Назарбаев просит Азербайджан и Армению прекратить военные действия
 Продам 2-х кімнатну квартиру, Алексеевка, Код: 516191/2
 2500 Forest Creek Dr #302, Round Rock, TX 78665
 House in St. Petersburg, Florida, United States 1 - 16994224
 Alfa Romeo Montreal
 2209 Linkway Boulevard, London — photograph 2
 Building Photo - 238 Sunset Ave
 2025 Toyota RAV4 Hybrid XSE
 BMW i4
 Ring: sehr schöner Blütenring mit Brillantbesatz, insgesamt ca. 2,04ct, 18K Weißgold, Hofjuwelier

--- --- ---

### Task to complete
Output the line containing "2025 Toyota RAV4 Hybrid XSE" and all lines after it to the end of the records, exactly as given.

### Final answer
 2025 Toyota RAV4 Hybrid XSE
 BMW i4
 Ring: sehr schöner Blütenring mit Brillantbesatz, insgesamt ca. 2,04ct, 18K Weißgold, Hofjuwelier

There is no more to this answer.